We welcome both published and not-yet-published writers and illustrators!
PAID MANUSCRIPT CRITIQUES AND PORTFOLIO EVALUATIONS
- For an additional fee of $55, you can sign-up for either a fifteen-minute private manuscript critique (This may include a dummy if you are the author-illustrator.) or a fifteen-minute private evaluation of your art portfolio You may only select one.
- You select your first six choices from our list of consultants who have agreed to do critiques. Critique preferences are assigned in the order registration is received. If none of your choices are available, you will be assigned another critique consultant, so please fill in all six spaces. Sorry, no refunds if your choices are unavailable . You will find out who is doing your evaluation at Asilomar. Manuscripts and dummies must be sent in advance. (see below) Illustrators should hand carry their portfolio to the conference.
What to send:
- one picture book manuscript of up to 6 pages
- OR two picture book manuscripts each less than four pages long (Consultant may choose to focus on only one.)

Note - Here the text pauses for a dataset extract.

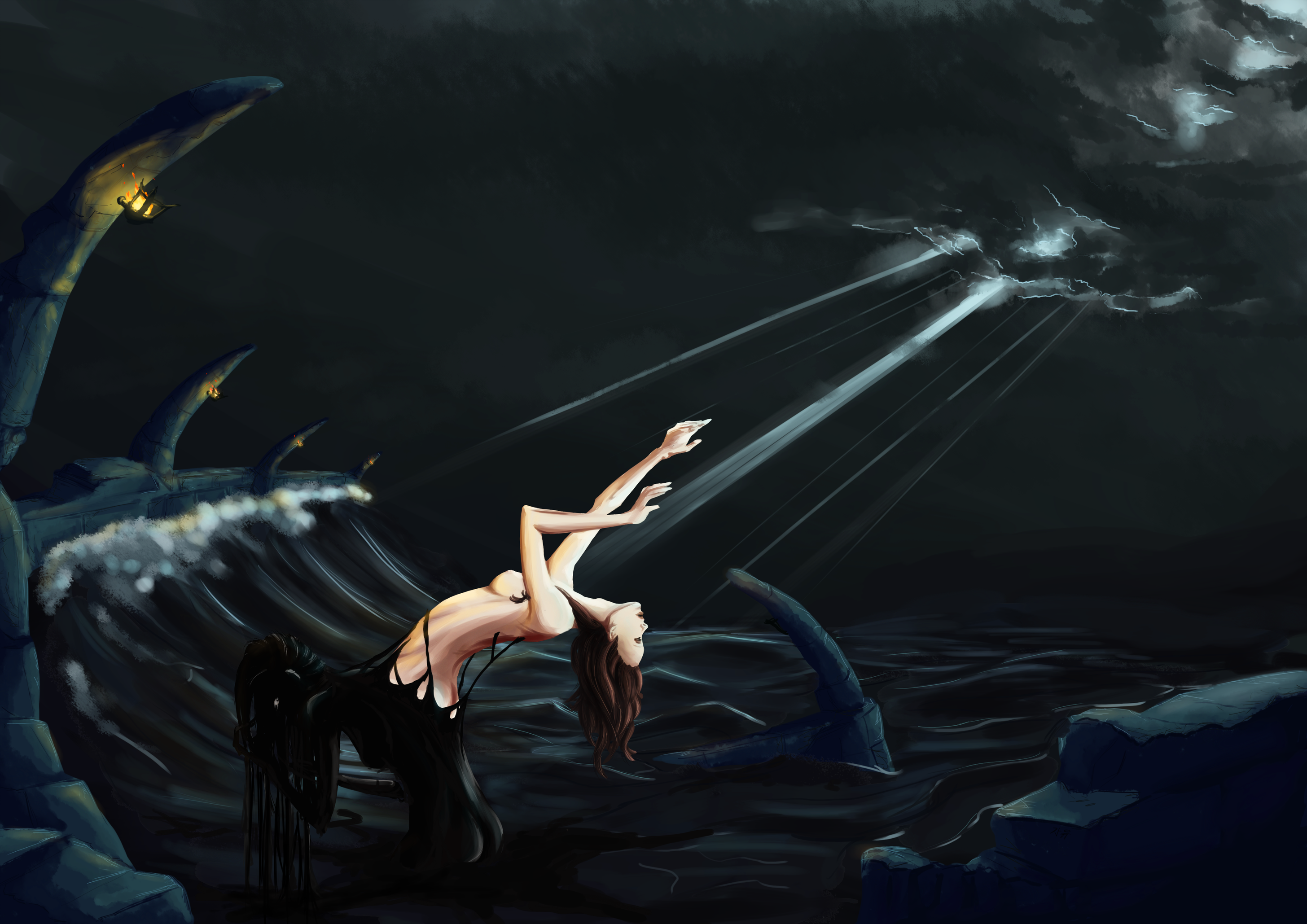 There is something wrong inside by kaomau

- OR up to 3 chapters plus a synopsis of a longer work. (30 pages max)
- Author-illustrators who include a dummy may only send one picture book manuscript of up to 6 pages. If your picture book manuscript is over six pages long, cut it.
- Format
- Manuscripts MUST be in standard format
- double-spaced
- text starting halfway down the first page
- 1 inch margins all around
- 12 point Courier or Times or Ariel type
- Manuscripts must be postmarked no later than 12/16/07.

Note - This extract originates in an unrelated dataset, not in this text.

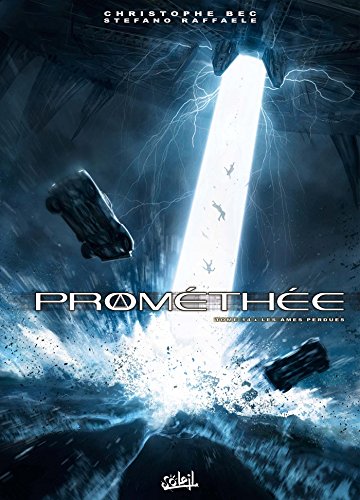 jaquette album Prométhée Tome 14 - Les Âmes Perdues - Avec Un Extrait Offert De Olympus Mons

If you miss the deadline, you will not get a critique and you forfeit the fee. Sorry, no refunds.
- Mail your manuscript (with dummy only if you are both author and illustrator) to:
Elizabeth Robinson P.O. Box 408 Carmel Valley, CA 93924
KAREN DEAN MEMORIAL SCHOLARSHIPS
Thanks to the generosity of past conferees, several full and half scholarships are available. Scholarships are need-based. To apply, go through normal registration process, choose a payment method, but don't pay. Then send an email to shirleyklock@mac.com.
Give a brief indication of your need (one or two sentences will do), how a scholarship to this conference would help your career at this point in time and what benefit you would bring to the conference. All scholarships and scholarship applications remain confidential. Scholarship Applications received after the conference is full will not be accepted. We cannot guarantee a place to any applicant who does not receive a scholarship and then decides to pay full price instead.

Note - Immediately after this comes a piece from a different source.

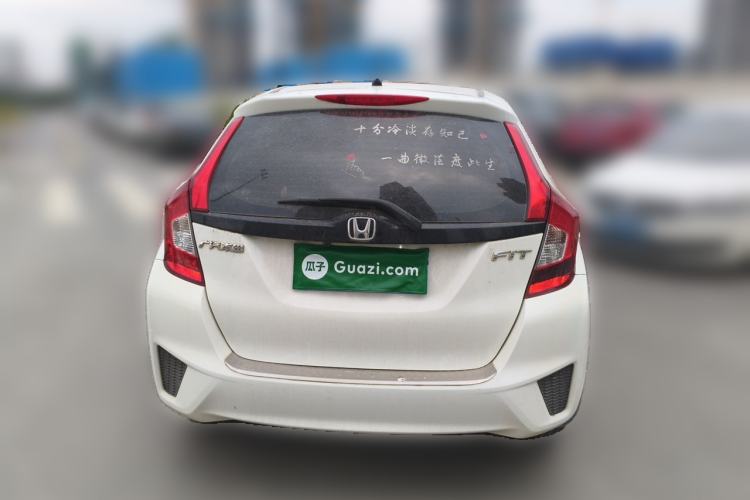 Used Honda Fit 2016 1.5L LX CVT Comfort Model Rear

ADDITIONAL ONE NIGHT RETREAT
This year, we are trying to organize an additional one-night retreat AFTER the conference. No lectures, no speakers. Time to relax and reflect on all you have learned! Or do a little writing or illustrating. The additional night will be Feb 24th, with meals through lunch Feb 25th, for approximately $130 double/ $190 for a single. We will only know if it will actually happen if we have enough attendees. If interested in attending, indicate on the registration form . DO NOT INCLUDE EXTRA NIGHT FEE. You will be contacted if we can arrange for this extra retreat to happen!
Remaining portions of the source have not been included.